Reflecting on winning the Walter Carsen Prize, Grenier notes that she is its first Indigenous recipient; receiving the prize wasn’t just a recognition of her work as an individual, but of the work of her parents, and previous generations, to ensure that the practice was not lost.

Grenier also credits her deep roots in her culture, and the dances and stories passed down in her family, when she discusses the ways in which the Dancers of Damelahamid has changed under her tenure. The oral histories represented in the dances, Grenier says, are not static, but rather something that people contributed to.

“I know that my life is not intended to replicate what my parents did with cultural revitalization,” Grenier says, “but to offer contemporary stories that are rooted in this tradition but are also speaking to what Indigenous people are experiencing now, and what we have experienced in our recent history, with significant changes to our language, to our culture, to our communities.”

Grenier has been dancing with the company since 1991. The Dancers of Damelahamid has performed nationally and internationally, with a special focus on reaching out to young people.

She did her undergraduate degree at McGill in geography and environmental studies. “When I first started at McGill, there was a lot of encouragement, if you were an Indigenous student that did well in sciences, to go into sciences and pursue that,” she recalls.

“There just wasn’t enough representation of [Indigenous] students in sciences, in general.
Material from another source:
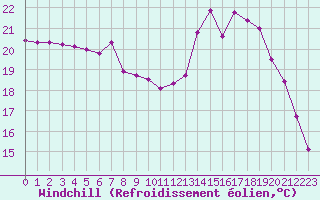 Courbe du refroidissement olien pour Saint-Jean-de-Liversay (17)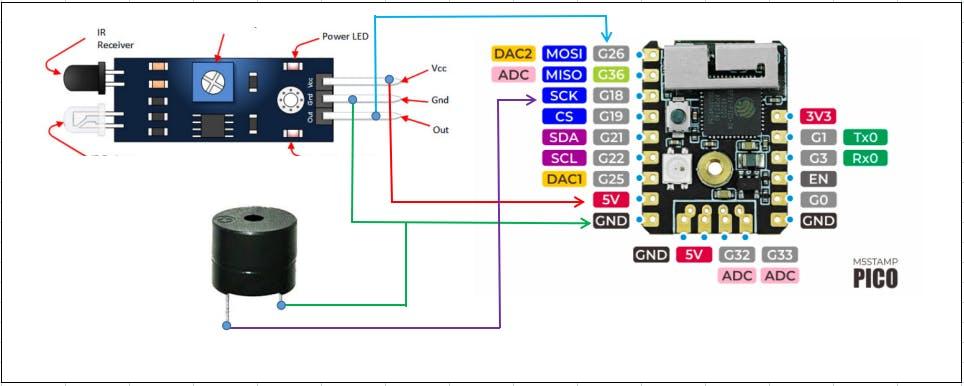 Circuit Connection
I think that I shifted towards environmental sciences, because I think that the values and the way that it was taught [at McGill] aligned very well with my ways of understanding, from the Indigenous teachings and knowledge that I grew up with.”

During her time at McGill, Grenier was part of a six-person Indigenous student committee that helped lead a successful protest against the logo that was used on the helmets of the McGill football team at the time – a stereotypical image of an Indigenous person wearing a headdress.

Grenier notes that McGill recently made the decision to finally retire the problematic Redmen name for sports teams altogether. She has university-aged children of her own now. She is struck by how Canadians are still having the same conversations around colonialism and our relationship with Indigenous Peoples that we were having in the 1960s, when her parents founded their dance company, and in the 1990s, when she was studying at McGill.

“In some senses, we feel like, why are we not there yet?” she says. “And then, on the other hand, I think we’re always reminded that we have so much work to do.”